'''

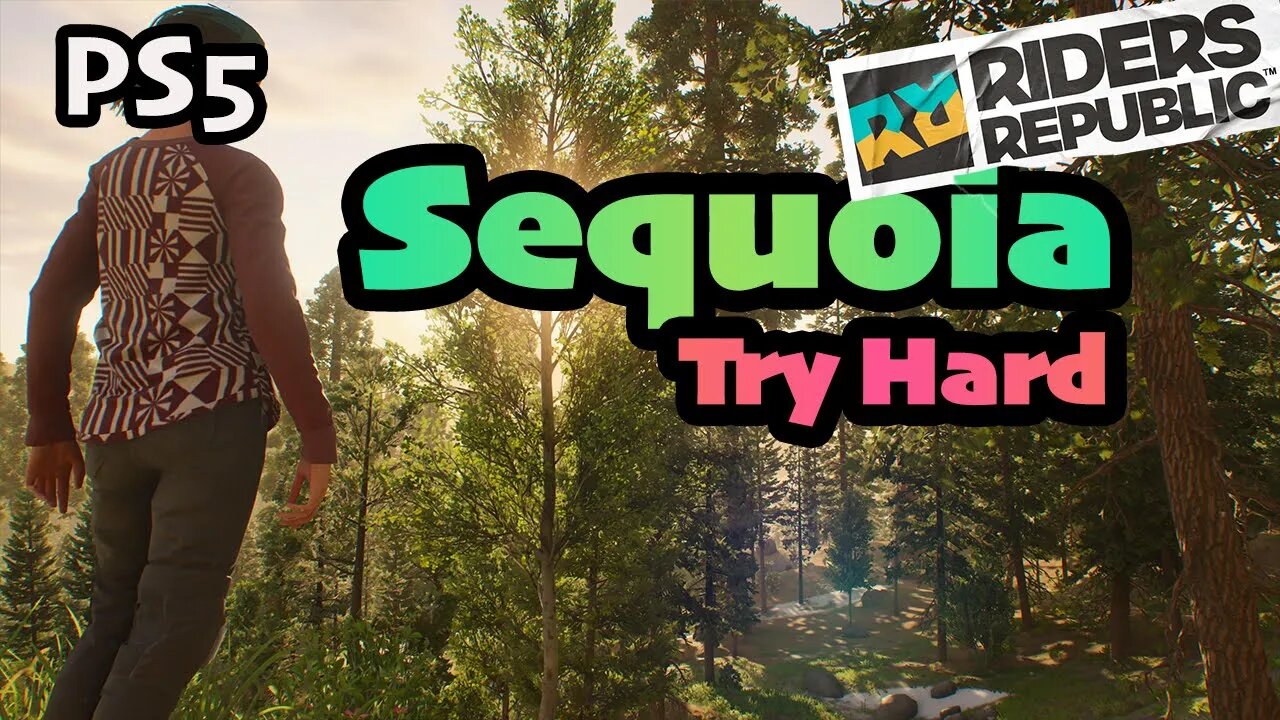 Sequoia Stunt Try Hard RIDERS REPUBLIC Shackdaddy Weekly Challenge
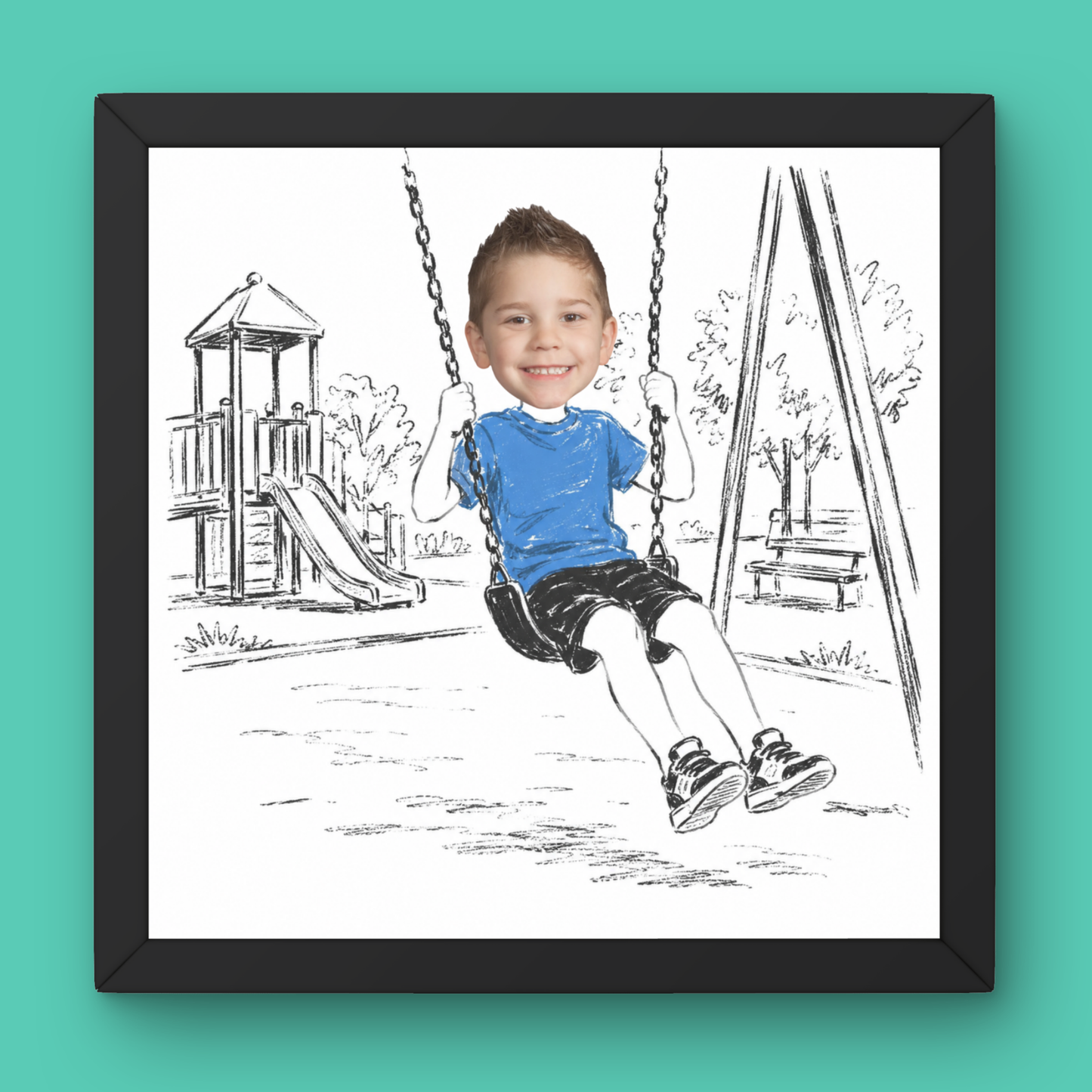 AT THE PARK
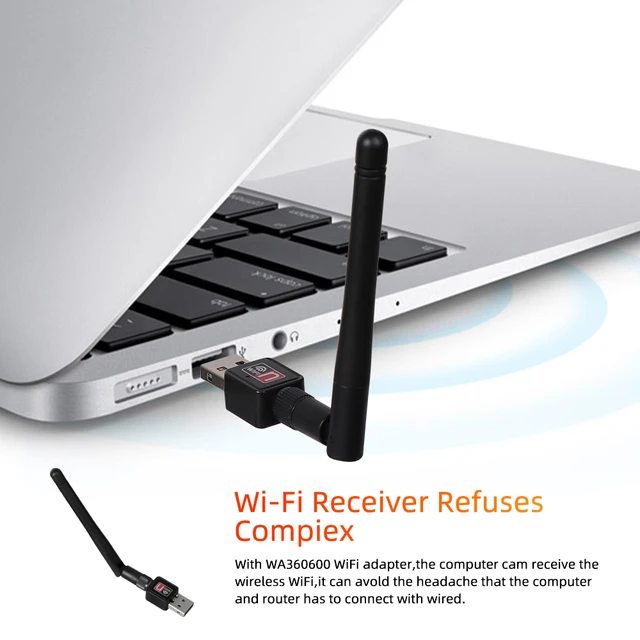 Adaptateur WiFi USB 150Mbps 2.4GHz, Antenne Stérilisation USB 11n/g/b,  Dongle Ethernet, LAN, Carte Réseau Sans Fil, Récepteur PC - AliExpress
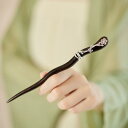 かんざし レディース ヘアアクセサリー 大人式 ジュエリー ヘアピン アンティーク チャイナ風 ハイエンド 木製 ギフトボックス ワンポイント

'''

Transcribe the data verbatim. No picture belongs in the result.

Task result:
 Sequoia Stunt Try Hard RIDERS REPUBLIC Shackdaddy Weekly Challenge
 AT THE PARK
 Adaptateur WiFi USB 150Mbps 2.4GHz, Antenne Stérilisation USB 11n/g/b,  Dongle Ethernet, LAN, Carte Réseau Sans Fil, Récepteur PC - AliExpress
 かんざし レディース ヘアアクセサリー 大人式 ジュエリー ヘアピン アンティーク チャイナ風 ハイエンド 木製 ギフトボックス ワンポイント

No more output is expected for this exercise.